Command-Line Schema Generator

PandasSchemaster includes a powerful CLI tool to automatically generate schema classes from your data files:

# Generate schema from CSV and print to console
python Scripts/generate_schema.py data.csv

# Save schema to file with custom class name
python Scripts/generate_schema.py data.csv -o my_schema.py -c CustomerSchema

# Sample large files for faster processing
python Scripts/generate_schema.py large_data.csv -s 1000 -v

# On Windows, you can also use the batch file
Scripts\generate_schema.bat data.csv -o schema.py -c MySchema

# On Unix/Linux, you can use the shell script
./Scripts/generate_schema.sh data.csv -o schema.py -c MySchema

Supported File Formats

CSV (.csv) - Comma-separated values
Excel (.xlsx, .xls) - Microsoft Excel files
JSON (.json) - JavaScript Object Notation
Parquet (.parquet) - Apache Parquet format
TSV/TXT (.tsv, .txt) - Tab-separated values

CLI Options

Option	Description	Example
`input_file`	Path to data file (required)	`data.csv`
`-o, --output`	Output file for schema	`-o schema.py`
`-c, --class-name`	Custom class name	`-c CustomerSchema`
`-s, --sample-size`	Number of rows to analyze	`-s 1000`
`--no-nullable`	Disable nullable inference	`--no-nullable`
`-v, --verbose`	Enable detailed logging	`-v`

The generator automatically detects data types (numeric, boolean, datetime, string) and creates properly typed schema classes. For detailed usage examples, see CLI_USAGE.md.

Schema Column Benefits

✅ Type-Safe Access

# Type-safe schema column access
temperature = df[SensorSchema.TEMPERATURE]

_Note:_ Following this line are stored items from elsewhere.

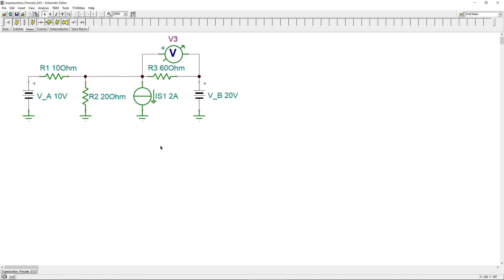This concludes example number three using the superposition principle for a more complex circuit with three independent sources: one DC current source and two DC voltage sources. We will continue with other examples and other methods like Thevenin and Norton equivalents to clarify electric circuit analysis in more detail. If you have any questions or comments please let me know. Don't forget to like and share this video — thanks for your cooperation, and see you next time!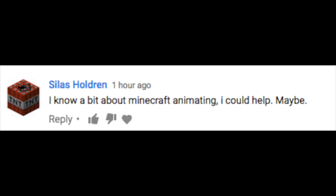I know a bit about Minecraft animating. I could help maybe if you're using Mine-imator. No, because of the lack of detail. Here's an example.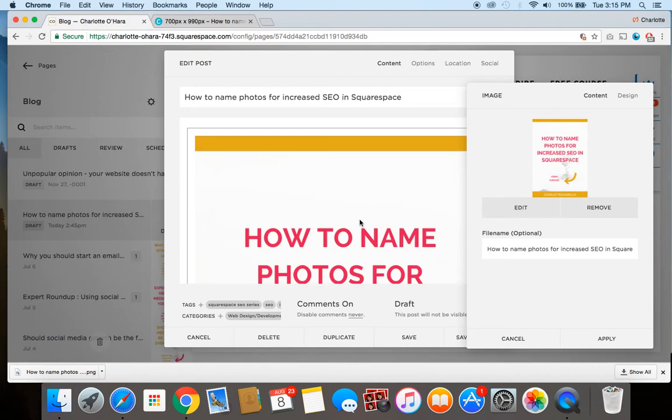All right, so there you go, that is exactly how to name photos for increased SEO in Squarespace. If you liked this video, you can make sure to give it a thumbs up or even better yet leave me a comment down below because I'd love to get those.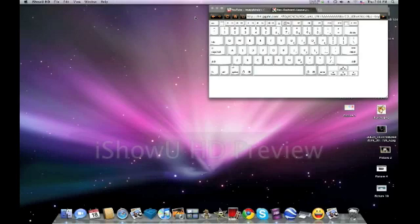Hi, I'm Maiden from YouTube.com slash MyAppleHelp. What I'm going to be showing you how to do is how to take a screenshot on a Mac.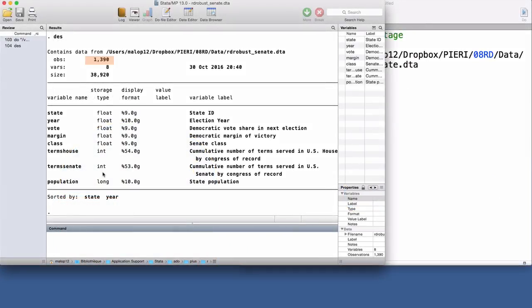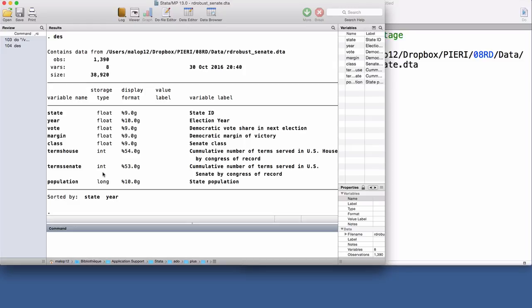There are 1,390 observations in this data set. The running variable is the Democratic margin of victory, the difference between the share of votes to Democrats and the strongest opponent in the previous election, usually the Republicans.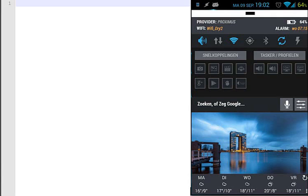Hello, today I'm going to show you how to create a widget with dynamic icons based on Tasker variables. I also use Zooper for this one, so if you have that you can still follow everything. First of all I'm going to show you what we are creating today - I have one widget, one icon, and also one text.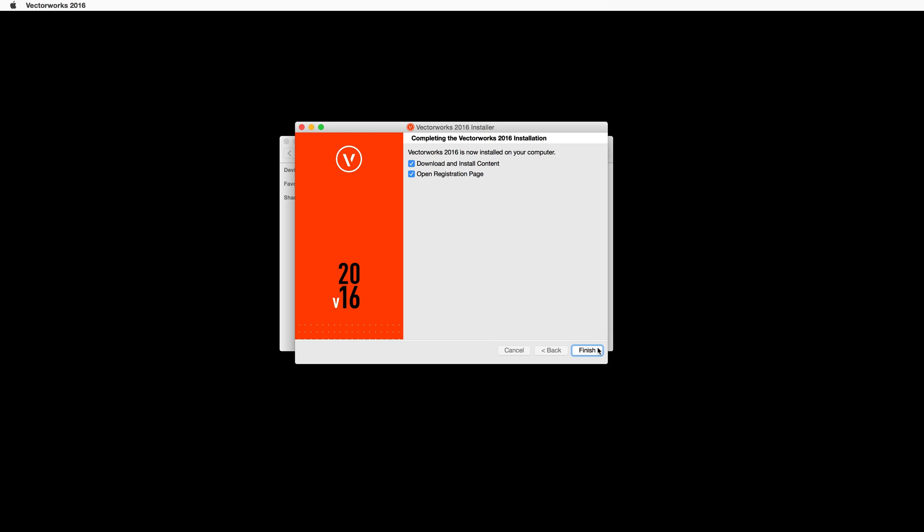First, you can choose to download and install the content libraries, as well as the option to open the registration page. We will go ahead and leave both of these options checked. However, you can choose to skip the installation of the content libraries at this time, as well as the registration process.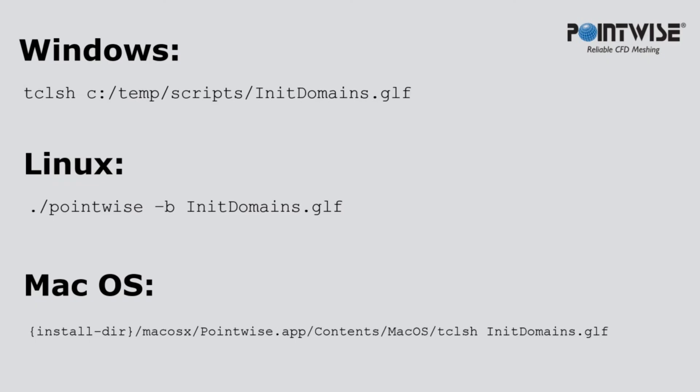Here's a summary of what the command line executables look like for the main operating systems. First we see Windows, and then Linux, and then finally Mac OS X.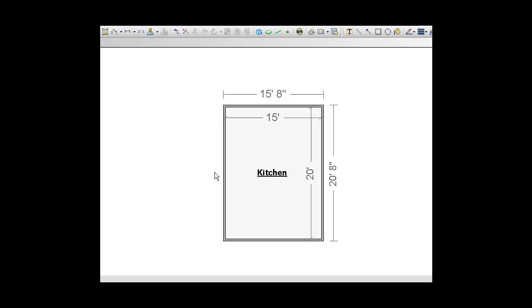Hey folks, Joel here from InsuranceAdjustureTraining.net. Today I'm going to show you how to put a closet or a pantry in my kitchen.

# vs traditional string access (error-prone)
temperature = df['temperature']  # Typos not caught until runtime

🔧 IDE Support

Autocompletion: SensorSchema. shows available columns
Error Detection: Invalid column names highlighted
Go-to-Definition: Jump to schema definition

🔄 Refactoring Safety

# Rename a schema column and all references update automatically
class SensorSchema(BaseSchema):
    TEMP_CELSIUS = SchemaColumn("temperature_celsius", np.float64)  # Renamed
    # All df[SensorSchema.TEMP_CELSIUS] references work immediately

🐼 Full DataFrame Compatibility

SchemaDataFrame inherits directly from pandas.DataFrame, so all DataFrame methods work seamlessly:

# Create schema-validated DataFrame
df = SchemaDataFrame(data, schema_class=SensorSchema)

# Use all pandas DataFrame methods directly
print(df.shape)  # (100, 4)
print(df.head())  # First 5 rows
summary = df.describe()  # Statistical summary
grouped = df.groupby(SensorSchema.SENSOR_ID.name).mean()

# Mathematical operations
df_scaled = df * 2
df_filtered = df[df[SensorSchema.TEMPERATURE] > 25]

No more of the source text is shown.